▸ **TASK DETAILS**
Once the line with "Con Terraza Frente" is found, write it out along with each later line exactly, through the end of the entries, skipping every picture.

▸ **MATERIALS PROVIDED**
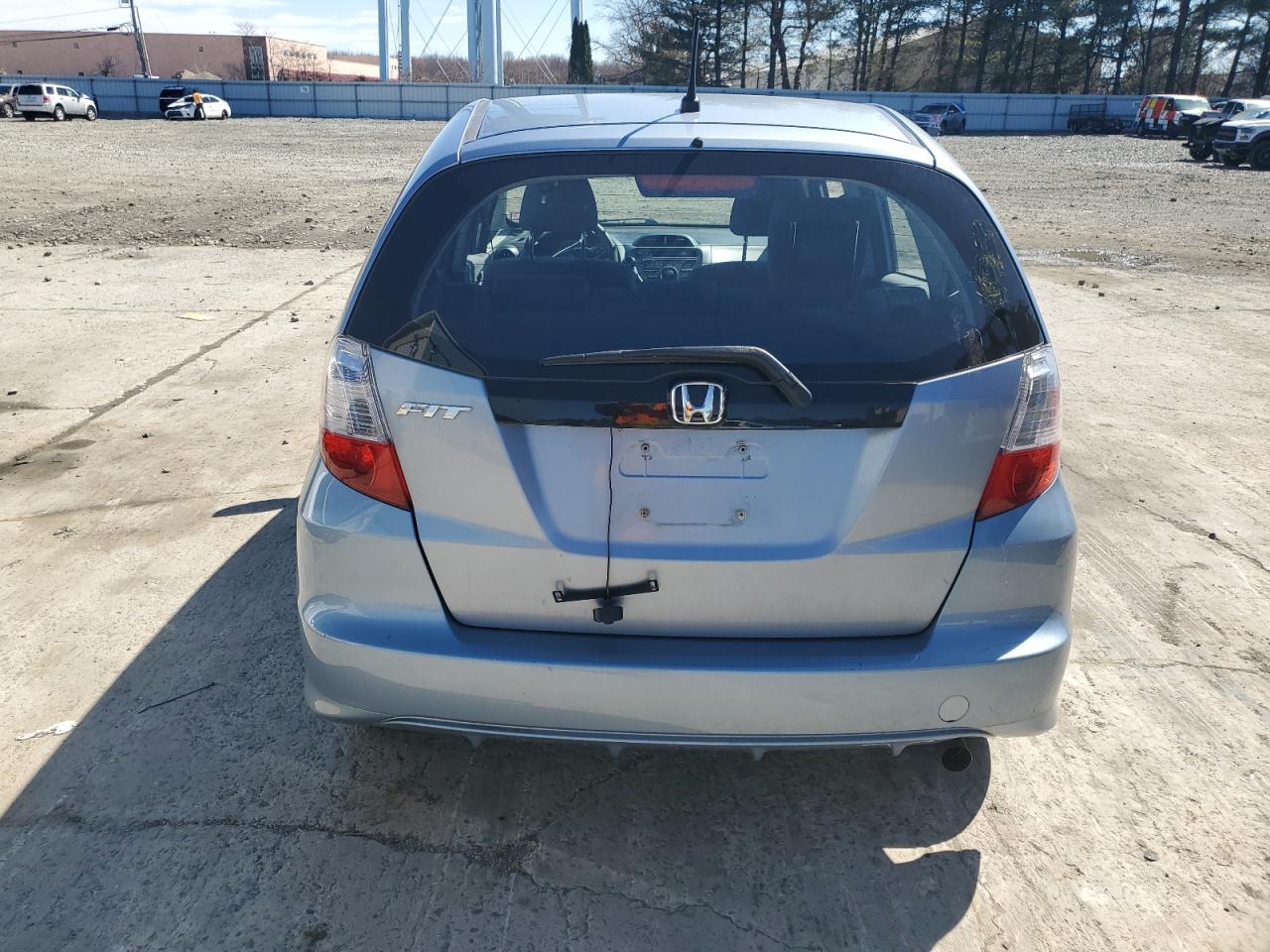 2011 Honda Fit - Image 6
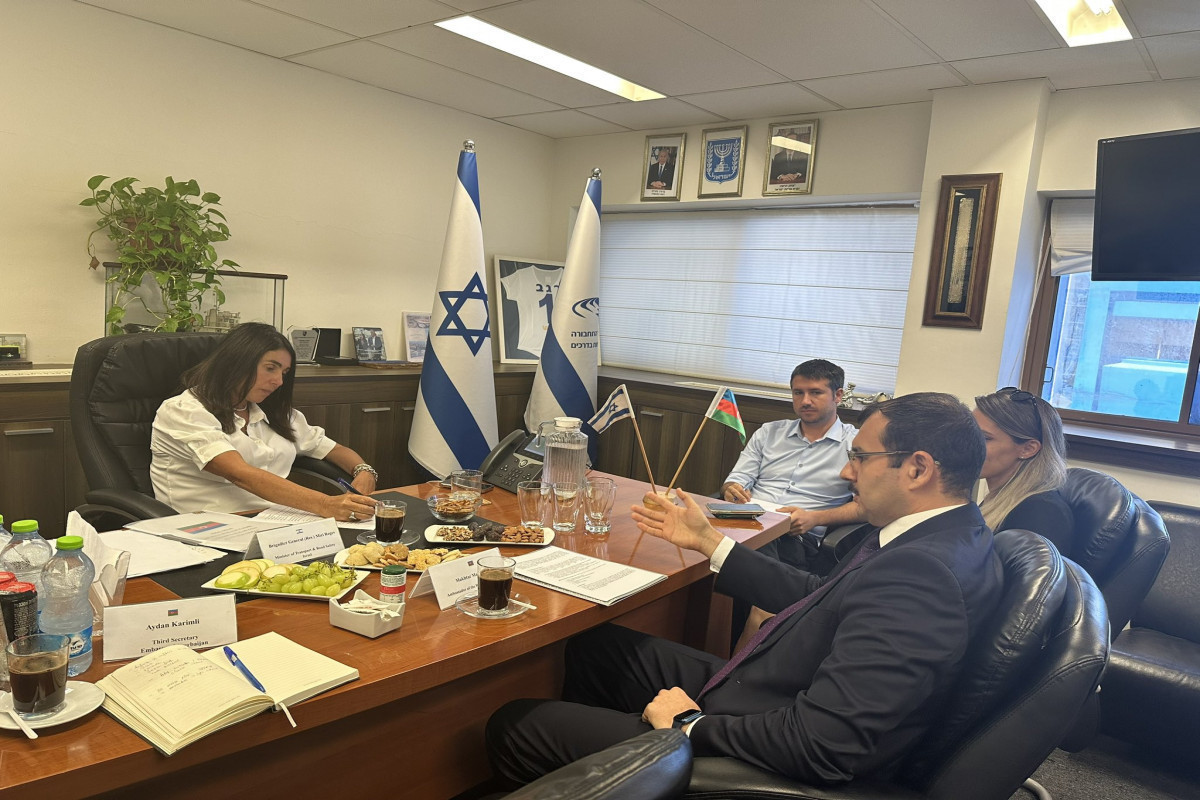 Посол Азербайджана обсудил с израильским министром Средний коридор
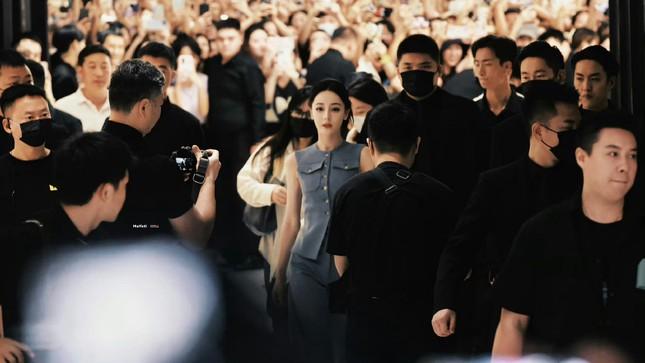 Khán giả đứng kín hai tầng trung tâm thương mại ngắm Địch Lệ Nhiệt Ba-2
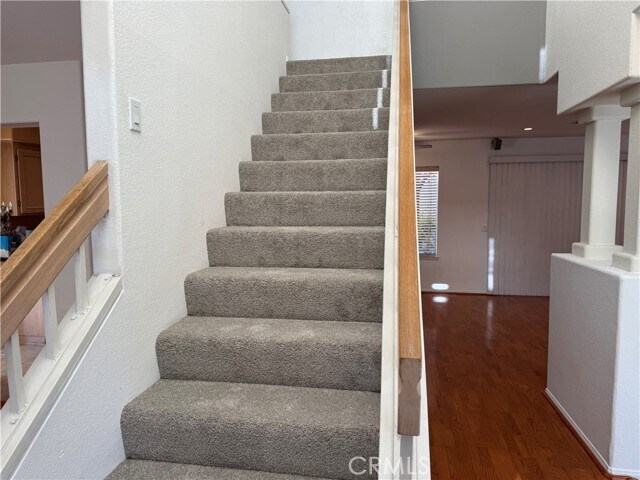 Building Photo - 13 Channel Island St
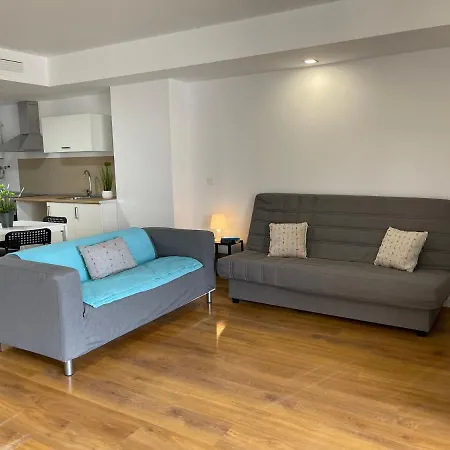 Con Terraza Frente Al Mar By Color Flats Apartment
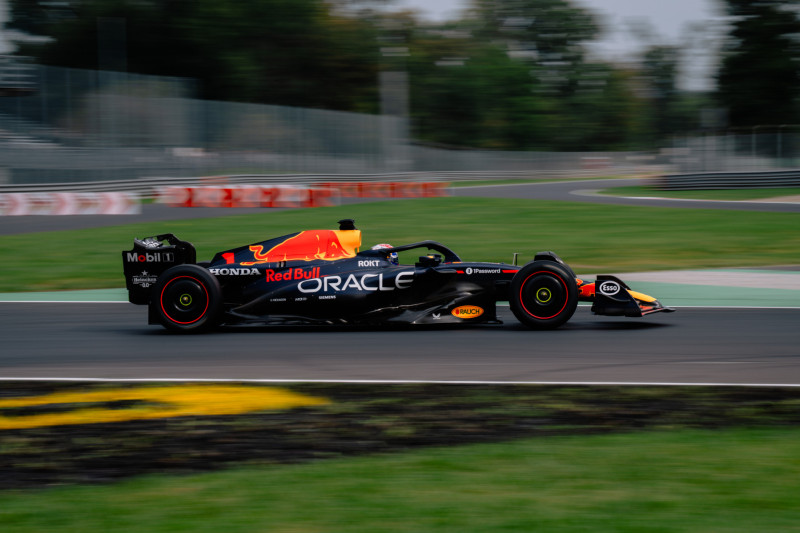 Pirelli Test Monza 2026: Sainz brilla nella prima giornata, Verstappen e Tsunoda in pista con le mule car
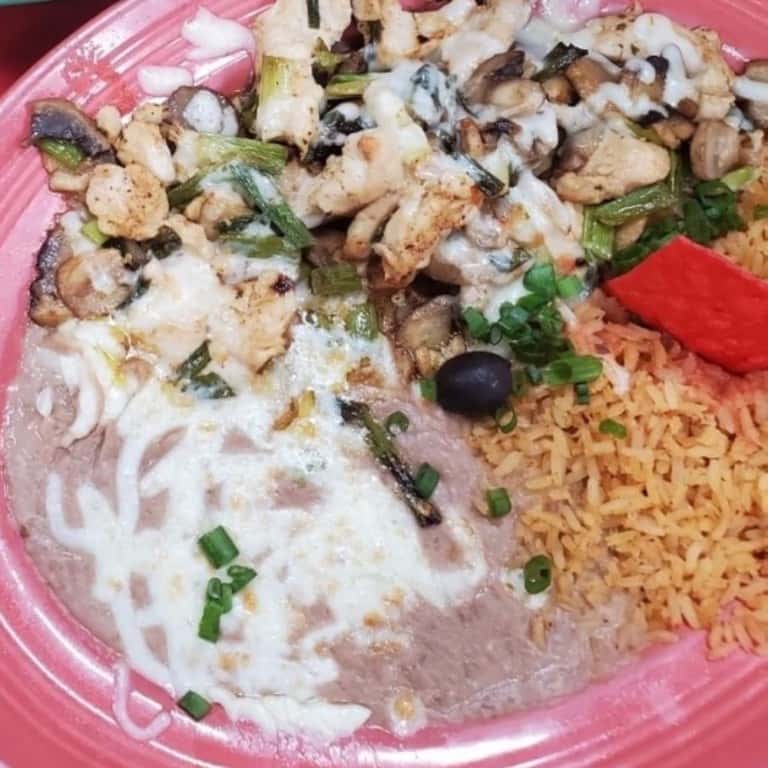 CHICKEN VILLA Main Menu Yolanda's Mexican Cafe CHICKEN VILLA Main Menu Yolanda's Mexican Cafe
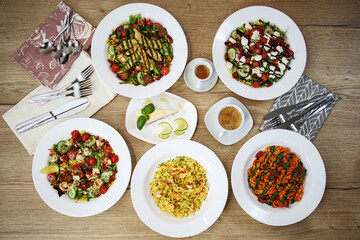 Salad with noodles, chicken and vegetables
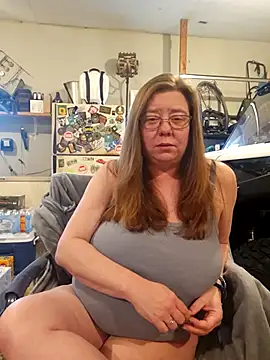 MsShelby40 online show from February 22, 9:24 pm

▸ **WRITTEN RESPONSE**
 Con Terraza Frente Al Mar By Color Flats Apartment
 Pirelli Test Monza 2026: Sainz brilla nella prima giornata, Verstappen e Tsunoda in pista con le mule car
 CHICKEN VILLA Main Menu Yolanda's Mexican Cafe CHICKEN VILLA Main Menu Yolanda's Mexican Cafe
 Salad with noodles, chicken and vegetables
 MsShelby40 online show from February 22, 9:24 pm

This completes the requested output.